▶ _DESCRIPTION OF THE TASK_
Restate word for word the section of the entries that opens at the line containing "3 Bedroom Bungalow" and closes at the line containing "T-Shirt Unisex - Teddy Bear", both lines kept, pictures dropped.

▶ _STORED DATA_
----------------
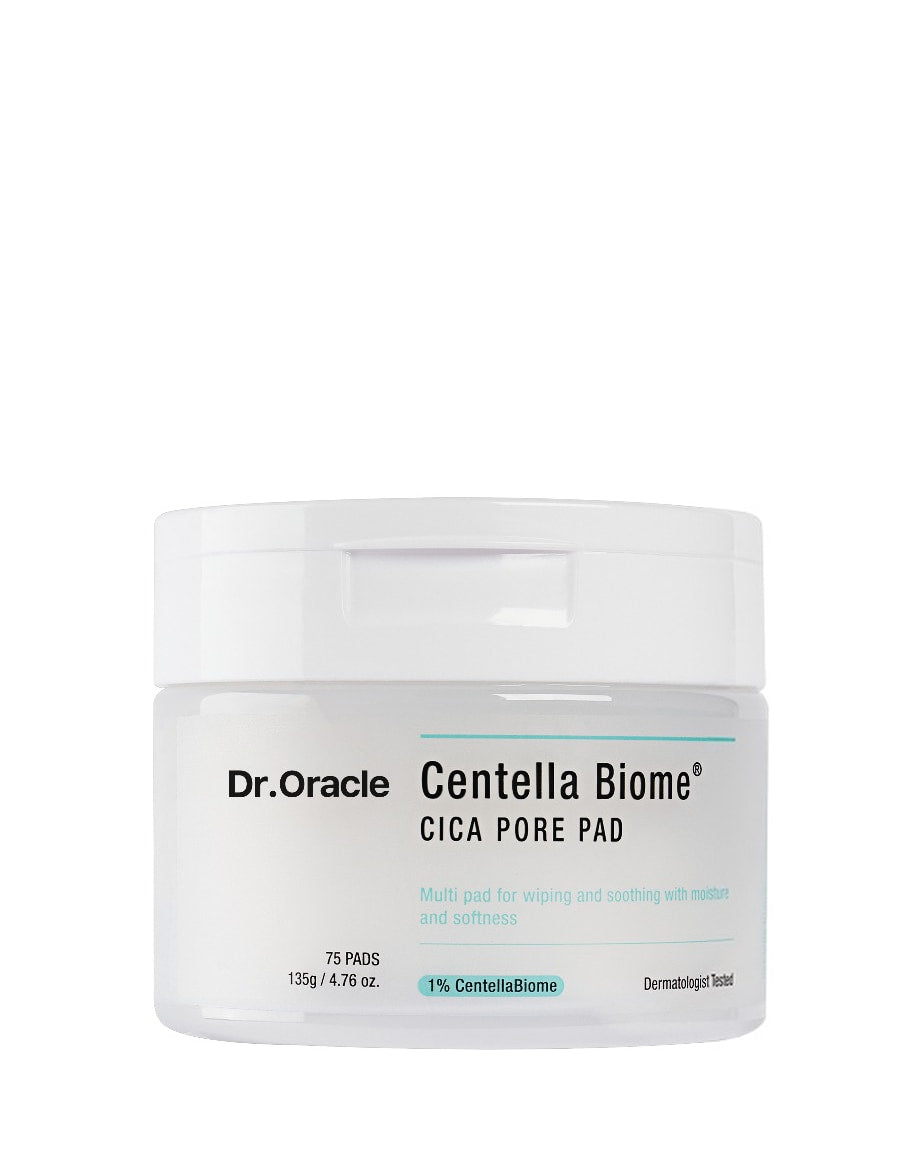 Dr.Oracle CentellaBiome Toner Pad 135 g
----------------
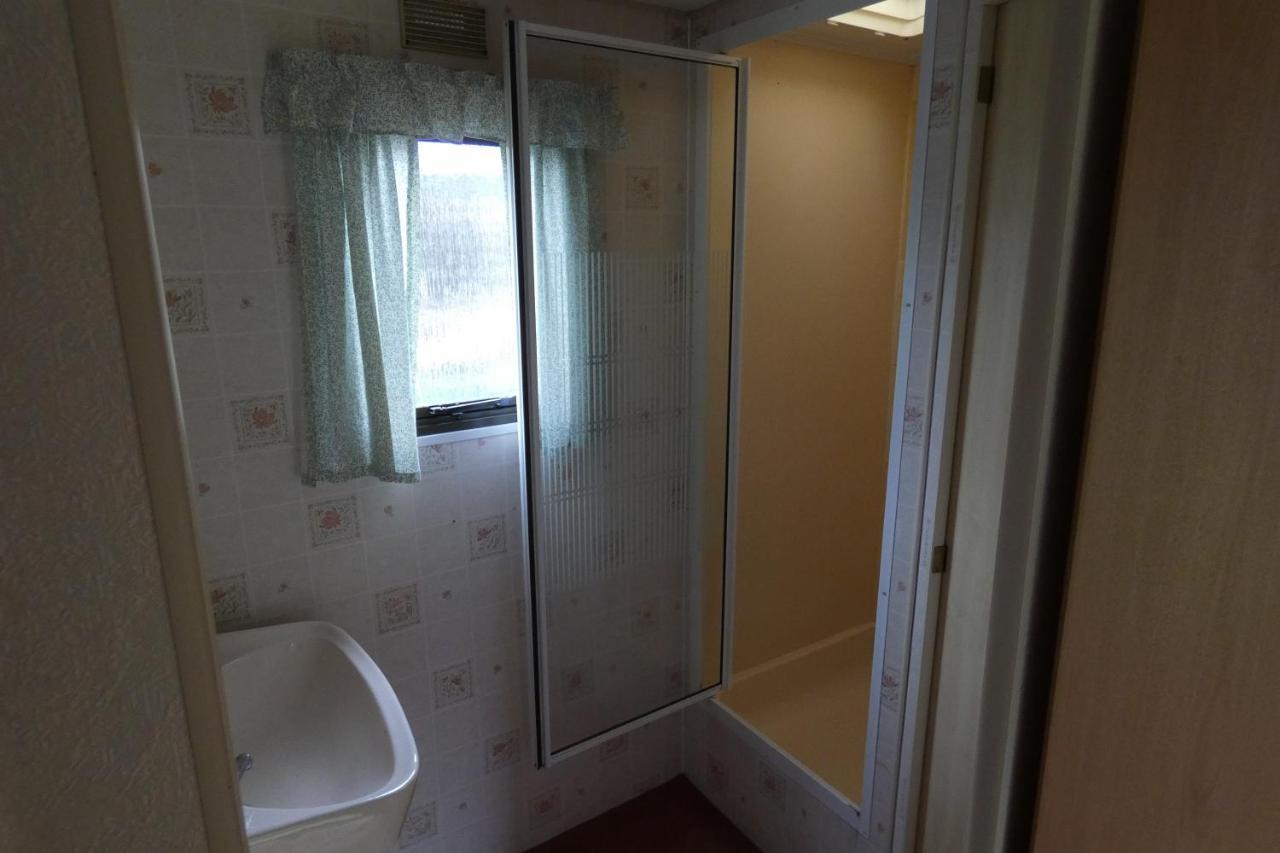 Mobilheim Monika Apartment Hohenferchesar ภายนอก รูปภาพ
----------------
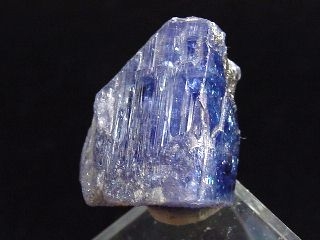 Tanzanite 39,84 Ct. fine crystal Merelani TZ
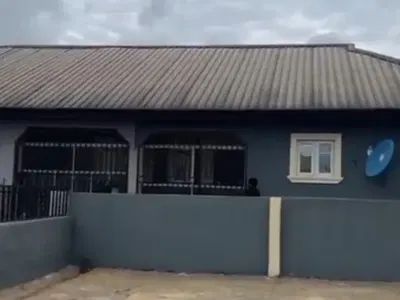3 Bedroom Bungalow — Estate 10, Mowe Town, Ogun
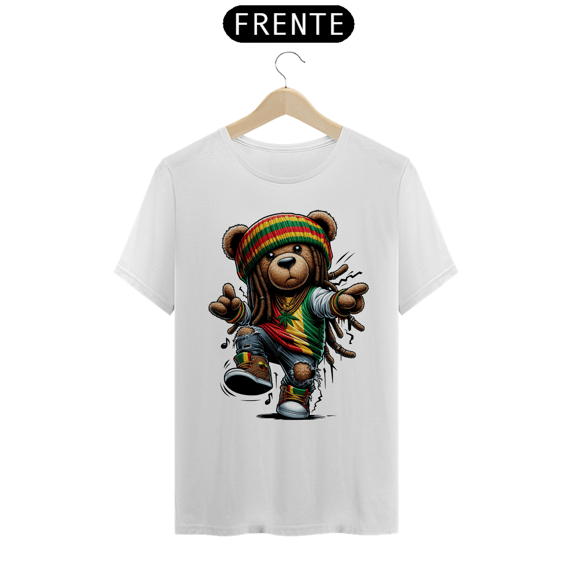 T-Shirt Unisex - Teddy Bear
----------------
▶ _TASK RESPONSE_
3 Bedroom Bungalow — Estate 10, Mowe Town, Ogun
 T-Shirt Unisex - Teddy Bear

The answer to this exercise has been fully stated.